10.15 - all the regular staff now in so do the rounds to see how the absent staff from yesterday are and get some updates. Volunteer also in today for some cataloguing. All quiet on the Western front.
Long meeting with IT specialist and Computer Officer - now back to the lists of most borrowed to highlight some texts for ebook purchases. Partial success at this.
Finish a long list of book orders for the Anglo-Saxon, Norse and Celtic Library. This is a small library within our larger library, and I deal with all their orders, and subsequent cat and class etc. A few tricky ones that only an email to the Norwegian publisher will resolve.
In-between all this receive more emails than I can sensibly deal with, though I reply to quite a few. Save all the REF impact ones into a folder to look at later.
Ok - enough for today.
Library Day in the Life Day 1
Don't ever tell me that our Library could do with fewer staff. One member off on a jolly stealing ideas from other libraries, one off sick, leaving the Librarian and two other members of staff for most of the day to keep things ticking along. Nice and easy? Oh no. Gamely volunteered to man the issue desk over lunch time, although had already spent an unusual several hours there earlier there in the morning. Fortunately savvy Assistant Librarian said would I like some help for the 1.00 rush. When he finally left for his lunch break at 1.15 (when to all intents and purposes the 'rush' was over) he remarked positively - 'I hope I don't find you submerged in books when I get back'. Charming, I thought. Well - the 1.00-2.00 deluge in Libraryland here at the English Faculty is something to behold. To say nothing of the 11-12.00 one. All those wonderful thoughts that I have about how every student will never leave the issue desk without a postive experience doesn't exactly work when you're the only one there. Interesting, I mused to myself later on when clearing the email inbox debris. Personalised service?? Shelving today as well as the trolleys fill up on a regular basis. Checked the stats to see what was happening on returns. Only 600 books to put back on the shelves. Felt like 1,000. BUT thank heavens that at least we have self-issue.
Inbox also suffering from deluge today as academic sends on approx 70 emails from faithful followers of their regular slot on a radio programme. Emails describe how much impact the programme has on them. REF impact case study work in case you haven't guessed. Impressive content in the emails, just now need to store and summarise and push the case study along a little further.
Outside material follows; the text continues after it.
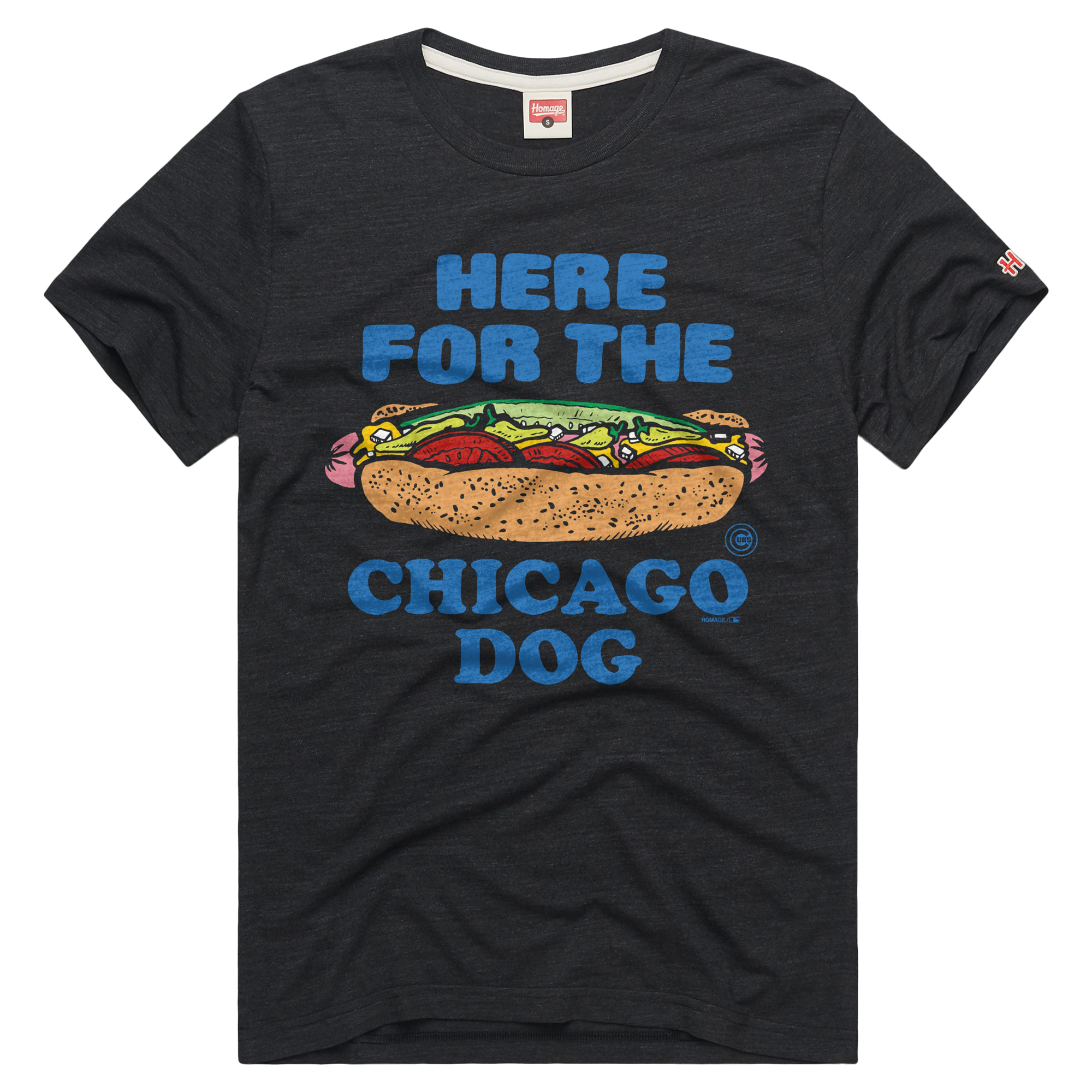 Men’s Homage Charcoal Chicago Cubs Tri-Blend Hyperlocal T-Shirt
Hmm- anything else? Oh yes - exchange with furniture designer on new library display gallery, developed the online literature timelime line a little (quite excited with tiki-toki), put together a teaching programme for a college fresher group for bibliographical research - to populate said timeline. And the weekly chore of sorting out the payroll for the weekly paid staff (approx. 8 wonderful invigilator staff who keep the library manned evenings, Saturdays and Sundays).
No time for pics today.
Early evening check of email at home reveals student having problems with access to CamTools. Check and sort problem before rushing out for a sewing class.
Wednesday, 11 January 2012
The Librarian's New Year Goodie Bag

If you have had one particular shiny new Xmas present and are looking for apps to download for either iPhone or iPad, can I recommend for starters:
1. First Folio of Shakespeare available as an ebook
2. The Waste Land app available for iPad
3. Dickens Dark London by the Museum of London - for iPhone or iPad
4. British Library - constantly providing more e-treasures all the time e.g. for a full list:
(BTW the Faculty Library is considering purchasing several iPad 3s later this year for lending to students - watch this space. Feel free to comment below...)
Some other nice resources to explore:
1. Connected Histories website - cross search 1500-1900 up to 15 historic collections (not all free just to warn you, but some good stuff all the same) http://www.connectedhistories.org/
2. Library of Congress National Jukebox - try the recordings for 'New Year's Day' - and so much more. But try the UK's National Sound archive as well
3. Literature Compass - an online only journal from Wiley, very recently purchased. The website claims ''Literature Compass has much broader horizons: a state-of-the-art site with the section editors providing expert coverage of every period,'' or look in the UL's A-Z list of journals for the link.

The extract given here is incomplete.